NCRL: Efficient Reinforcement Learning by Guiding World Models with Non-Curated Data

NCRL

Efficient Reinforcement Learning by
Guiding World Models with Non-Curated Data

ICLR 2026

1Aalto University    2University of Edinburgh    3ELLIS Institute Finland    4Deep Render    5Imperial College London    6Max Planck Institute for Intelligent Systems    7CIFAR AI Chair    8University of Alberta    9Alberta Machine Intelligence Institute (Amii)    10University of Oulu

Leveraging offline data is a promising way to improve the sample efficiency of online reinforcement learning (RL). This paper expands the pool of usable data for offline-to-online RL by leveraging abundant non-curated data that is reward-free, of mixed quality, and collected across multiple embodiments. Although learning a world model appears promising for utilizing such data, we find that naive fine-tuning fails to accelerate RL training on many tasks.
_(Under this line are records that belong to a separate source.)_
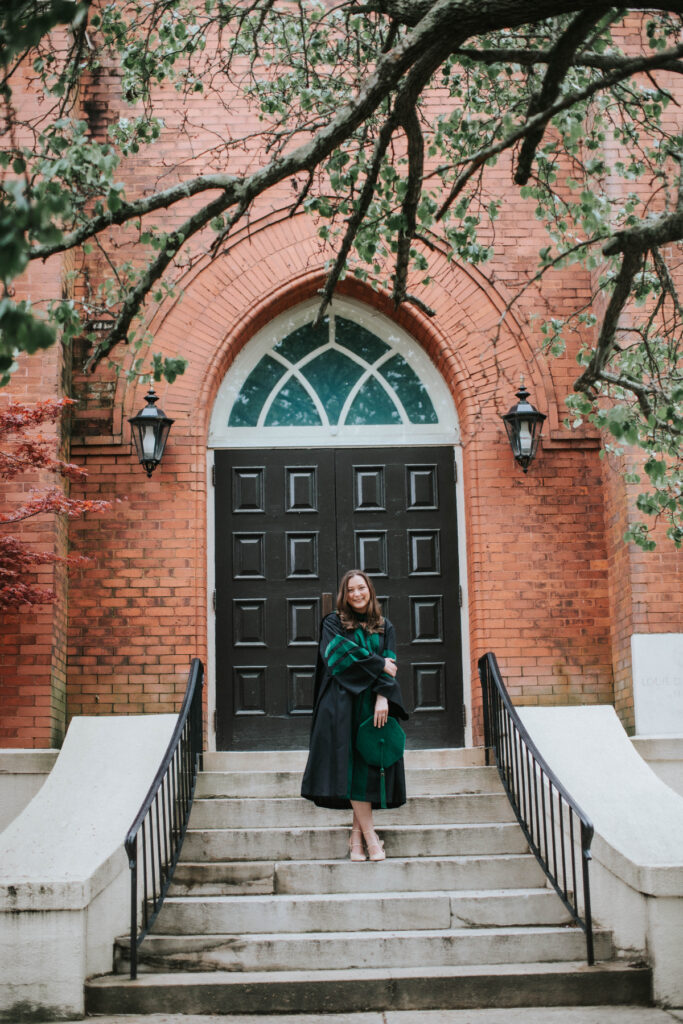 Madison Adams wears a green and black graduation robe.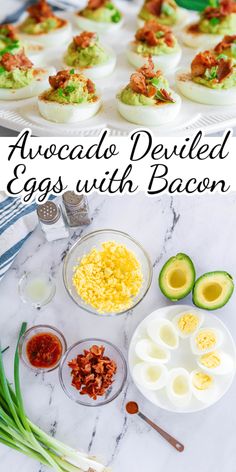 avocado deviled eggs with bacon and other ingredients on a marble counter top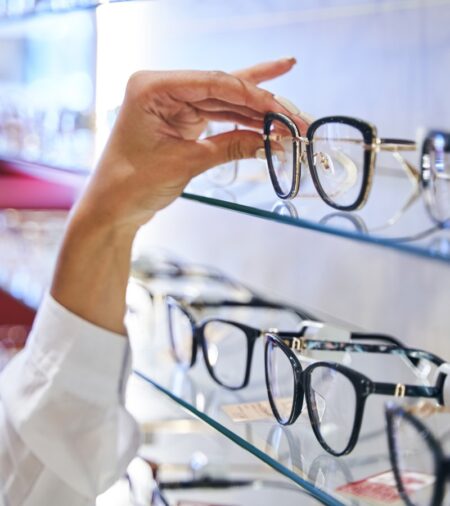 A person at the eyeglass wall hand selecting a stylish pair of frames to try on. They're getting new glasses.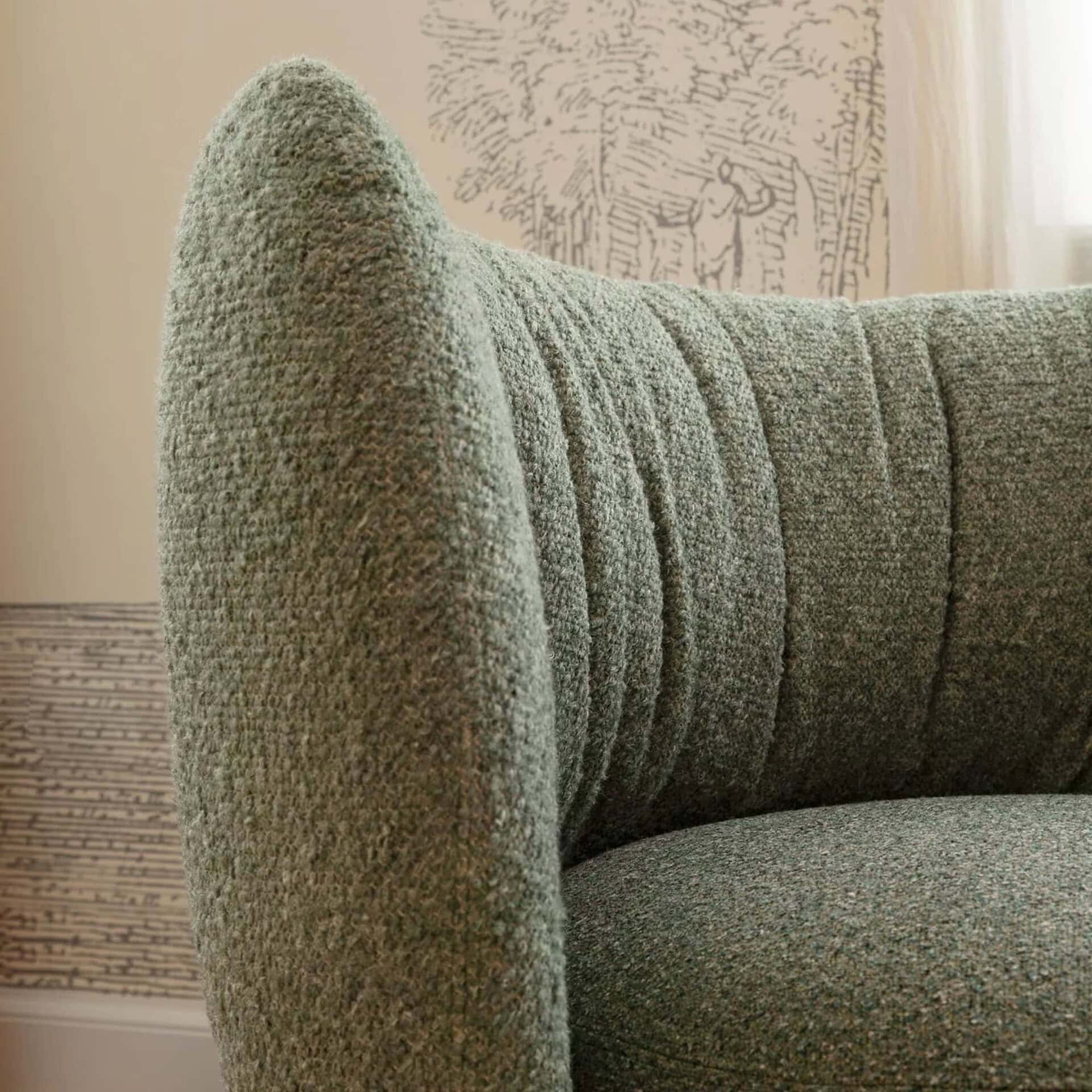 Luxurious textured green upholstered sofa with modern design elements.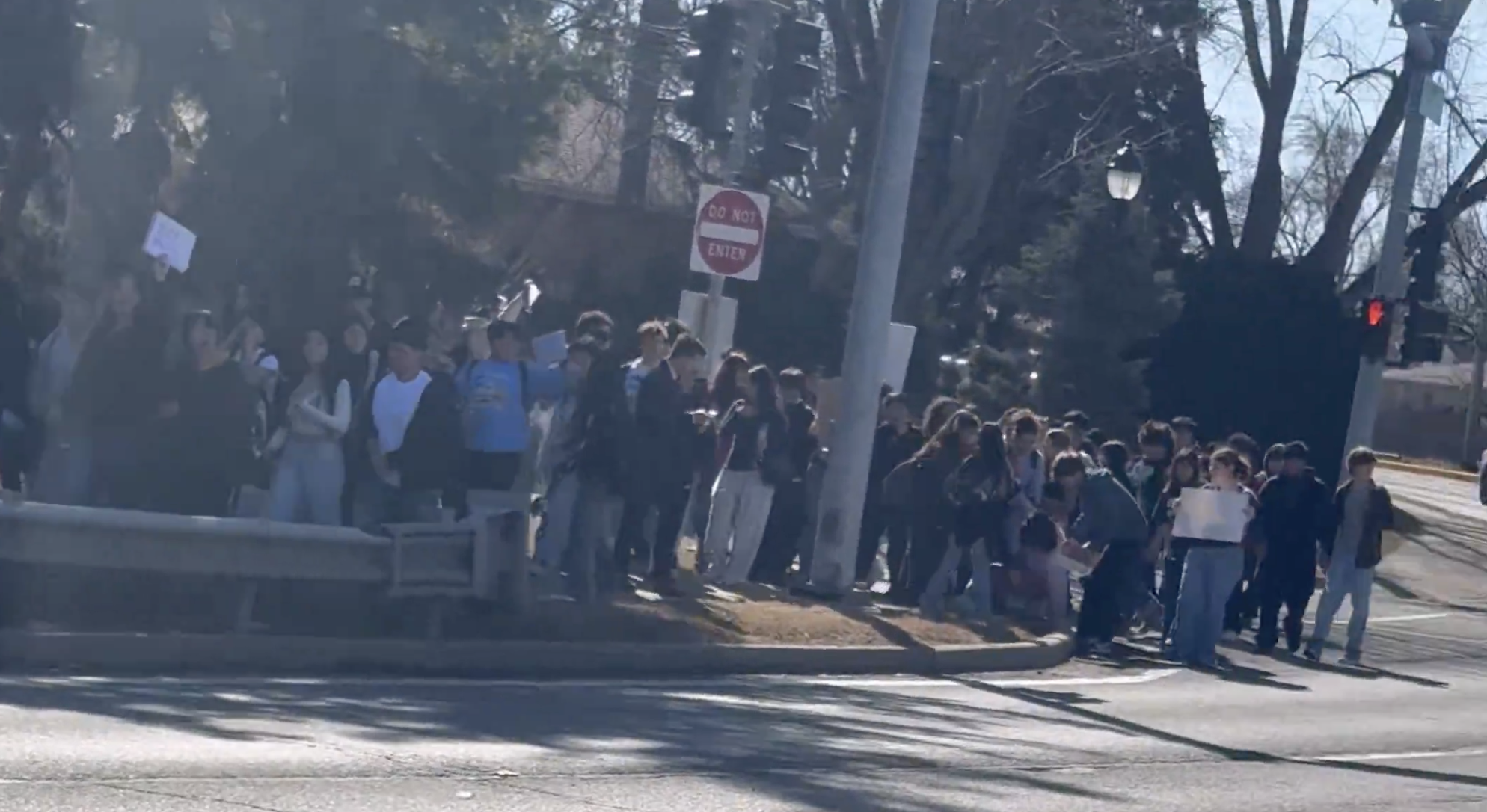 Kevin Morrison marches with students during a Prospect High School walkout, drawing criticism for allegedly organizing unsupervised protests without school or parental oversight.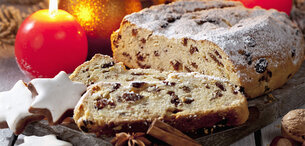 Christstollen mit Rosinen, Zimtsternen und Kerzen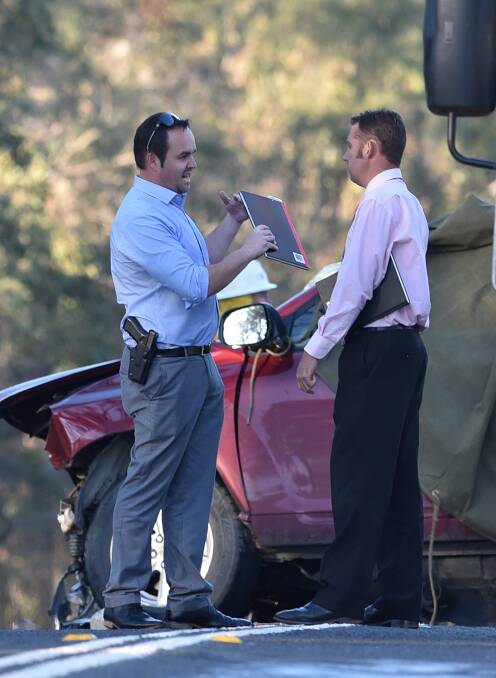 HIGHWAY HORROR: New England detectives at the scene of the head-on collision south of Uralla, which killed two men, including a UNE student. Photo: Gareth Gardner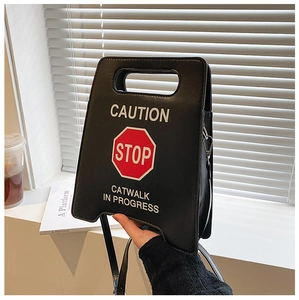 Détail d'un sac à main trapèze STOP créatif en similicuir noir au style urbain et lettrage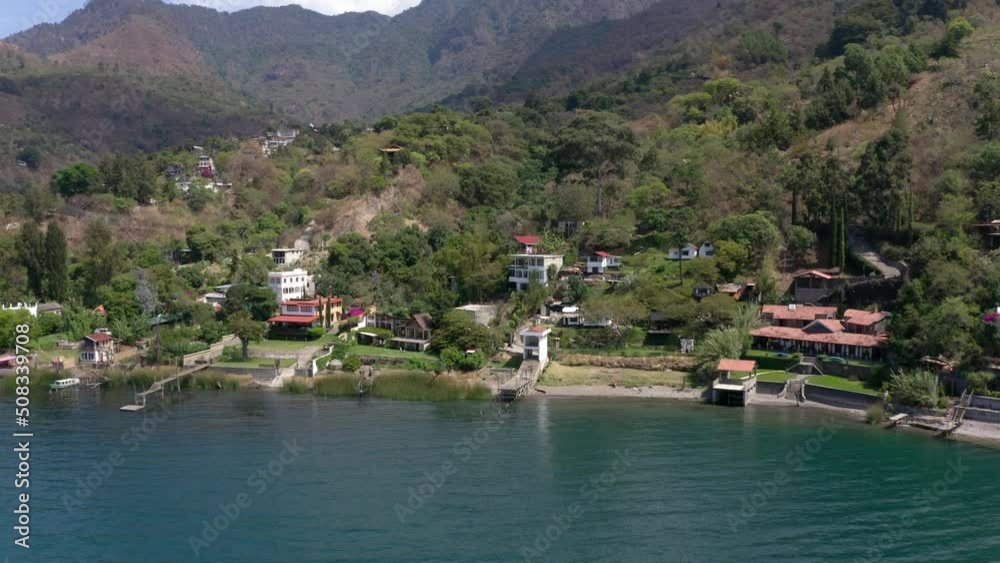 Aerial drone forwarding shot over hotels, resorts and residential houses on the banks of lake Atitlan, Guatemala, Central America surrounded by volcanic mountain range. Aerial drone forwarding shot over hotels, resorts and residential houses on the banks of lake Atitlan, Guatemala, Central America surrounded by volcanic mountain range.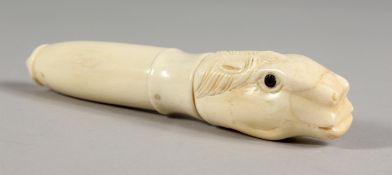 A CARVED BONE CORKSCREW AND ANVIL.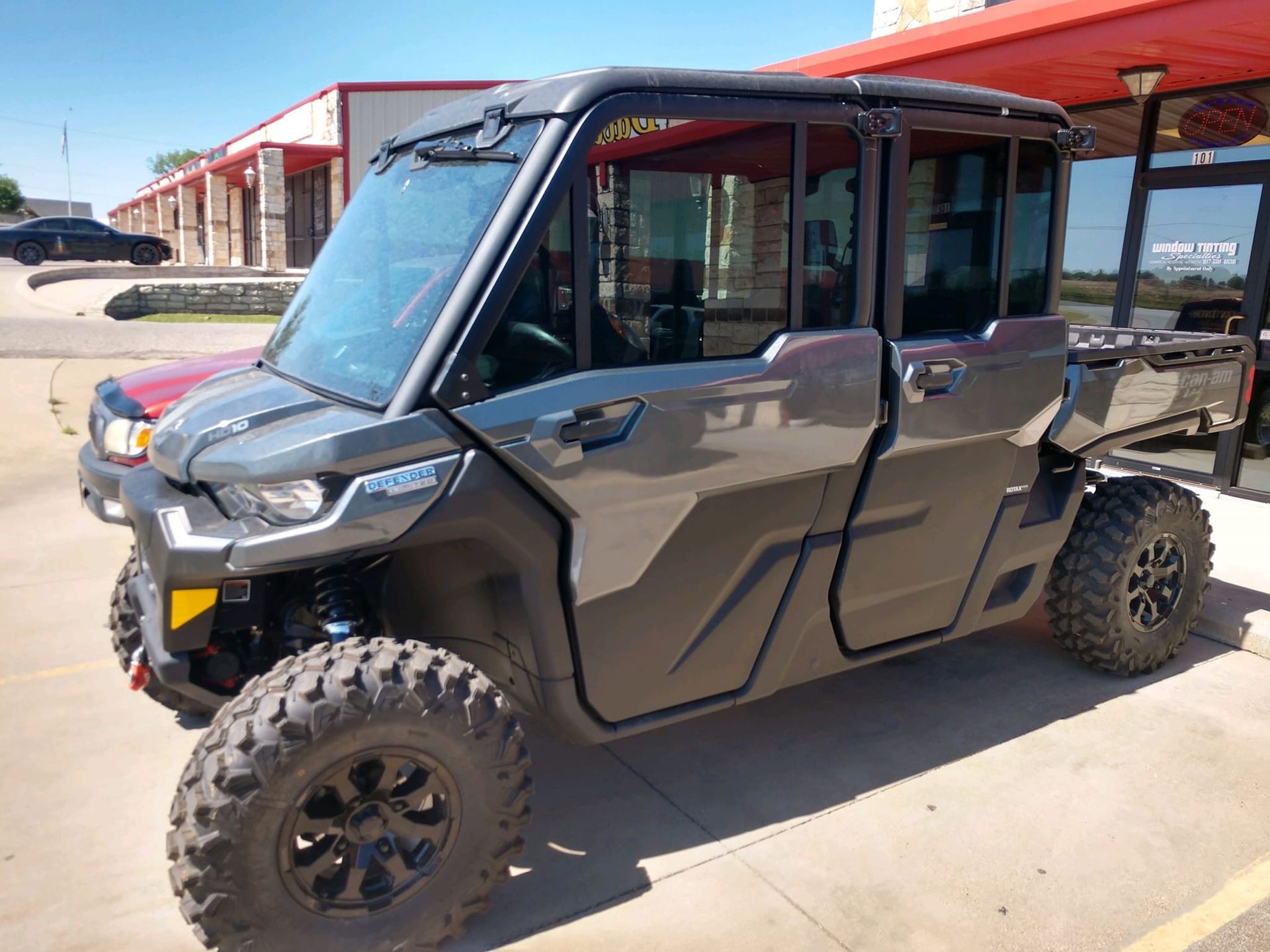 Gray side-by-side UTV with enclosed cabin and large tires parked outside a building.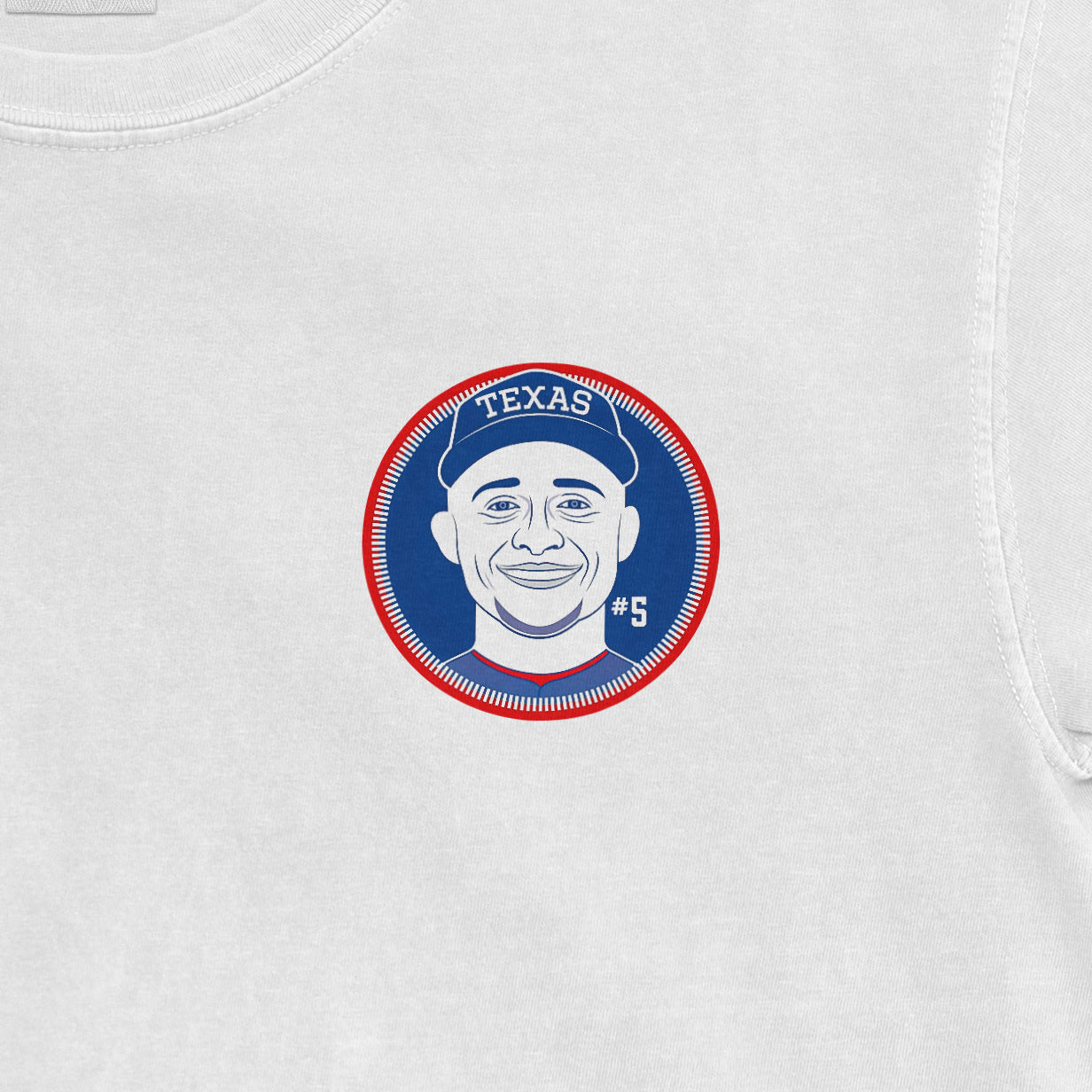 Close-up of a white Comfort Colors tee featuring a Corey Seager Texas Rangers graphic with his face, jersey number 5, and team logo.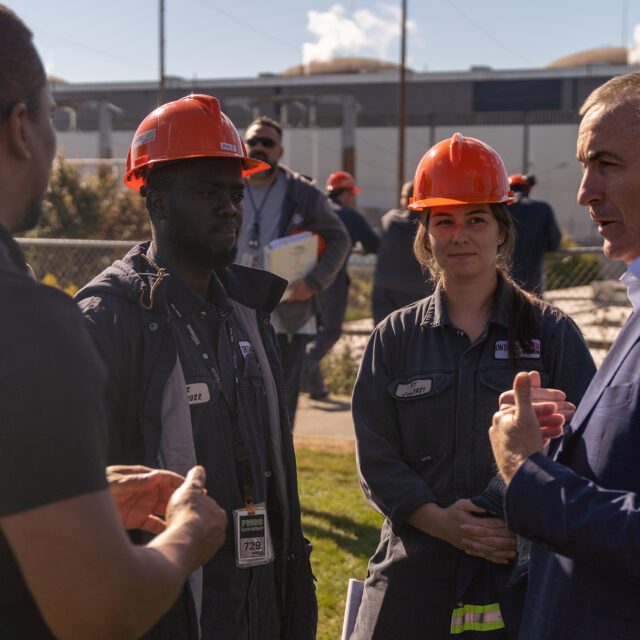 President & CEO Ken Hartwick speaks with employees.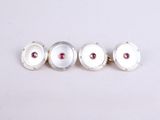 three silver and pink stone cufflinks on a white surface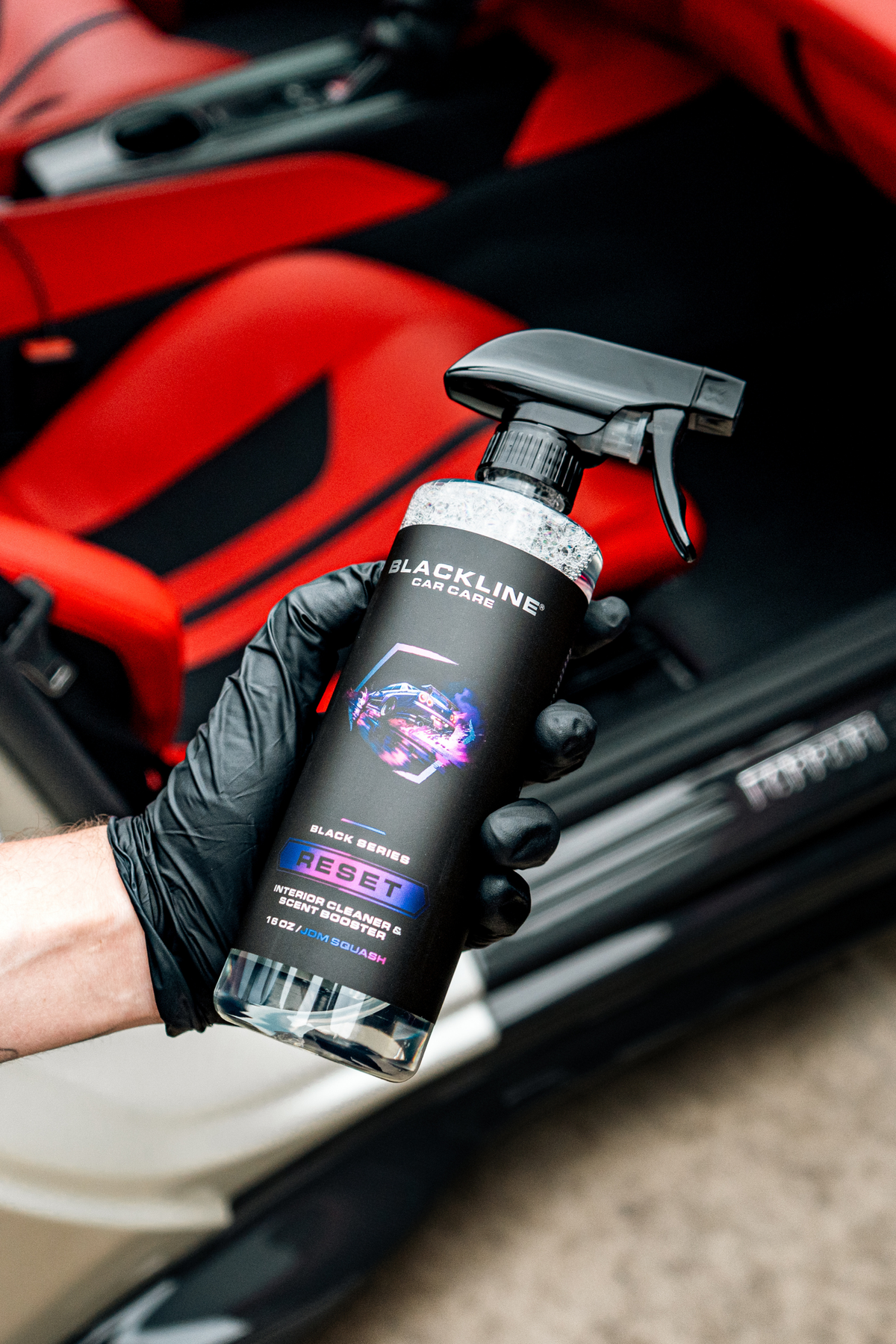 Blackline Reset JDM Squash interior cleaner spray bottle held in hand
Through careful investigation, we attribute this failure to the distributional shift between offline and online data during fine-tuning. To address this issue and effectively use the offline data, we propose two techniques: i) experience rehearsal and ii) execution guidance. With these modifications, the non-curated offline data substantially improves RL's sample efficiency. Under limited sample budgets, our method achieves nearly twice the aggregate score of learning-from-scratch baselines across 72 visuomotor tasks spanning 6 embodiments. On challenging tasks such as locomotion and robotic manipulation, it outperforms prior methods that utilize offline data by a decent margin.